WHAT TO WORK ON = In the entries below, which lines run from the one containing "mittelohrentzündung blut - Kann" to the one containing "Rapid Tag Removal Kit"? Copy exactly those lines, ends included, and no others.

GIVEN DATA =
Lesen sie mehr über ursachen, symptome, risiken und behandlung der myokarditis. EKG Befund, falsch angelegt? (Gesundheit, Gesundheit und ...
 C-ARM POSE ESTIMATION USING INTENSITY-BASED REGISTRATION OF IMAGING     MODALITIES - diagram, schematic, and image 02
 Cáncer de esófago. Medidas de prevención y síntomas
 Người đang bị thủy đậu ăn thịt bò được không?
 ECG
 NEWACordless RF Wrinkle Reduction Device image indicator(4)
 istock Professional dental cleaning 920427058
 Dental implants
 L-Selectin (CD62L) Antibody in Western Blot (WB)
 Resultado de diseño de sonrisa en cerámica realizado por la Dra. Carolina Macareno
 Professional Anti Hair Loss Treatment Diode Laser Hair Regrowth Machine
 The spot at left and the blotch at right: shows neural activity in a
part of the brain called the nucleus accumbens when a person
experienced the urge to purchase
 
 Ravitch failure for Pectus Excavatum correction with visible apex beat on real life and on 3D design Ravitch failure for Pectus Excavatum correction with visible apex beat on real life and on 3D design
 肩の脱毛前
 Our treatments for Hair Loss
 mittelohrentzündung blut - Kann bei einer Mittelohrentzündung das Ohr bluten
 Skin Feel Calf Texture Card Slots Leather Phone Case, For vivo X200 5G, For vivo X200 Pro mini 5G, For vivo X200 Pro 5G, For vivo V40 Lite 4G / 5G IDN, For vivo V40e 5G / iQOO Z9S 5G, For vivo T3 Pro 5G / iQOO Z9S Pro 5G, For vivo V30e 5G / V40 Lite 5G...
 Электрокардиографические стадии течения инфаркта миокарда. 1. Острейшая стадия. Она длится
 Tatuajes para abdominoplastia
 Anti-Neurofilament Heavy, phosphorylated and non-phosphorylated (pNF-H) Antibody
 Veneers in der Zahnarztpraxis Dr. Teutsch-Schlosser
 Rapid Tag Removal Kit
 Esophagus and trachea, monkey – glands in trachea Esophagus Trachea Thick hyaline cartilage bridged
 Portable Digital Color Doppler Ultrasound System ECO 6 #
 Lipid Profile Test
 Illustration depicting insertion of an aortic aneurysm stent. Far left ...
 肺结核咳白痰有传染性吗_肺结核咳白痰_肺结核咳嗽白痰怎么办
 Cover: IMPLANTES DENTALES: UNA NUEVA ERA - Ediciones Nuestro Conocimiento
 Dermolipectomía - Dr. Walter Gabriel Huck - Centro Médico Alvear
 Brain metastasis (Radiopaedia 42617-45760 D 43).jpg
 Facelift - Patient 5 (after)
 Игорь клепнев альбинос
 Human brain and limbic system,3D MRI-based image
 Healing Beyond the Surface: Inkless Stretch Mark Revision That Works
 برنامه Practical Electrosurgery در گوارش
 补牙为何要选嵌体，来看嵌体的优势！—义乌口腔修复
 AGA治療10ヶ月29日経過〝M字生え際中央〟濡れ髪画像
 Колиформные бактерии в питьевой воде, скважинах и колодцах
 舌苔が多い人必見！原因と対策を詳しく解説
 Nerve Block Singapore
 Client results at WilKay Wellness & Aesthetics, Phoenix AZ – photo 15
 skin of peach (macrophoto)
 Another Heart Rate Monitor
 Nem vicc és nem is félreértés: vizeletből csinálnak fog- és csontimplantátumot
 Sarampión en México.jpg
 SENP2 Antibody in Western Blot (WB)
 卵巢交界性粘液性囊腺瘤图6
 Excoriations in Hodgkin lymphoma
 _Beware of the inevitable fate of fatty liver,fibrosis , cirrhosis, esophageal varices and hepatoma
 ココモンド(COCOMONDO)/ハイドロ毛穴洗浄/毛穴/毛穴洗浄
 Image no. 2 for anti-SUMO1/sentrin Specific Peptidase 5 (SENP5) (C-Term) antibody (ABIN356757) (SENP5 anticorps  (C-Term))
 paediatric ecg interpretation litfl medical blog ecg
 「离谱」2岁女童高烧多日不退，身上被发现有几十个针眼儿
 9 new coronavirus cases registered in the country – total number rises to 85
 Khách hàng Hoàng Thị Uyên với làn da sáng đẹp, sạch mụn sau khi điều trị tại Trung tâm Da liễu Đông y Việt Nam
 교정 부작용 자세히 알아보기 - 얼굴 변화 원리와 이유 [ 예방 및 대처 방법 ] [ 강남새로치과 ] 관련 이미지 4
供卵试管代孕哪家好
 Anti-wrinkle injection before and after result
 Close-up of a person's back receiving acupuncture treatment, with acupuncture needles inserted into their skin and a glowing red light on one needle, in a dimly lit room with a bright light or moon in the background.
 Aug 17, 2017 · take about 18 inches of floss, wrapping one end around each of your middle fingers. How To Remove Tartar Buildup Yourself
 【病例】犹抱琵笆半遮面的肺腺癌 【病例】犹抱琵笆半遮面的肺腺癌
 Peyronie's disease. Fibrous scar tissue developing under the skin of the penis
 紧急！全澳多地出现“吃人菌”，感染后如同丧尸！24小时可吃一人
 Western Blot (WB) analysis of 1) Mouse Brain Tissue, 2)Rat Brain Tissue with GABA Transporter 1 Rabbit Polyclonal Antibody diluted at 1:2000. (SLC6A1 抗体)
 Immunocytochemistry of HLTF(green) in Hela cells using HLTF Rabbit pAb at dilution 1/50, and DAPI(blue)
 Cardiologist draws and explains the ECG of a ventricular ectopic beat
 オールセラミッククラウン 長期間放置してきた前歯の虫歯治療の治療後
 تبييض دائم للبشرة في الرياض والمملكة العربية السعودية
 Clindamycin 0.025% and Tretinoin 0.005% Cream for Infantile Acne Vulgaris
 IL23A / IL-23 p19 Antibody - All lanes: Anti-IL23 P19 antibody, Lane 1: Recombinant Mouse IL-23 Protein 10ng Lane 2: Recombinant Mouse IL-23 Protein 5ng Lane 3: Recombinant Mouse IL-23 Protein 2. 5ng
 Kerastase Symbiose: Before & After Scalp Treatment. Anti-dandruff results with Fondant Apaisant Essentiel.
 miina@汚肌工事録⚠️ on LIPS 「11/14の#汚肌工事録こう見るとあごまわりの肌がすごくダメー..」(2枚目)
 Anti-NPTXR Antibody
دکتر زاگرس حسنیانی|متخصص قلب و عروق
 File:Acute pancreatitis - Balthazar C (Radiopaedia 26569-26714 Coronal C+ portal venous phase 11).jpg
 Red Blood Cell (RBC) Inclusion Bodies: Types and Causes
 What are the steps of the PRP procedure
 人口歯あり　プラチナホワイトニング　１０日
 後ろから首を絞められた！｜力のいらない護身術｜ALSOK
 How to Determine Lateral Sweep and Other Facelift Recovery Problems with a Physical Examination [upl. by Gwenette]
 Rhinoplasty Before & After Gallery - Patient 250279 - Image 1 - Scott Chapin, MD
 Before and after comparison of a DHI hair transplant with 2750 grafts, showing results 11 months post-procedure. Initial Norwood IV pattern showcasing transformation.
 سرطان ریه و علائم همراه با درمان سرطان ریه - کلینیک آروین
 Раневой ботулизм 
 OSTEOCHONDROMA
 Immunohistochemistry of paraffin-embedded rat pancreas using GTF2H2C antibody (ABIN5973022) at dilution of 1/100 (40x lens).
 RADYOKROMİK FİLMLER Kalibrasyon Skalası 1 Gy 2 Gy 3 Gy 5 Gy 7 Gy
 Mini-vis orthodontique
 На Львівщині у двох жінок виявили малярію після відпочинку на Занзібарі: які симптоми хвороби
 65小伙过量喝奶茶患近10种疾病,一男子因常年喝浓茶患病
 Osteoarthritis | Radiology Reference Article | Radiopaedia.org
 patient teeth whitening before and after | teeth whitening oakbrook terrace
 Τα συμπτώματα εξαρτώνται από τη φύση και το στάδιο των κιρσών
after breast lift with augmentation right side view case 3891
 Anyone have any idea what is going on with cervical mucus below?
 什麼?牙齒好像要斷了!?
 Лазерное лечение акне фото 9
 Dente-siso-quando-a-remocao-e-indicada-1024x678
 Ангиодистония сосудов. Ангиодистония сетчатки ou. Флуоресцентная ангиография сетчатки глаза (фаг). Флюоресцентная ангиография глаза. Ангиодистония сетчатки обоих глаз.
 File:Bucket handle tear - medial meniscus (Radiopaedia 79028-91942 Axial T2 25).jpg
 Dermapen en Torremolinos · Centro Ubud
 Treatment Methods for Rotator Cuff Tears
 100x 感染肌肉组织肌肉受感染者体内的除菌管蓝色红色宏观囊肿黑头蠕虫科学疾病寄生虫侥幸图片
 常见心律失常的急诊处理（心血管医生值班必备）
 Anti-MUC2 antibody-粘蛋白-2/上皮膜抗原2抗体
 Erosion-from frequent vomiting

YOUR RESPONSE =
 mittelohrentzündung blut - Kann bei einer Mittelohrentzündung das Ohr bluten
 Skin Feel Calf Texture Card Slots Leather Phone Case, For vivo X200 5G, For vivo X200 Pro mini 5G, For vivo X200 Pro 5G, For vivo V40 Lite 4G / 5G IDN, For vivo V40e 5G / iQOO Z9S 5G, For vivo T3 Pro 5G / iQOO Z9S Pro 5G, For vivo V30e 5G / V40 Lite 5G...
 Электрокардиографические стадии течения инфаркта миокарда. 1. Острейшая стадия. Она длится
 Tatuajes para abdominoplastia
 Anti-Neurofilament Heavy, phosphorylated and non-phosphorylated (pNF-H) Antibody
 Veneers in der Zahnarztpraxis Dr. Teutsch-Schlosser
 Rapid Tag Removal Kit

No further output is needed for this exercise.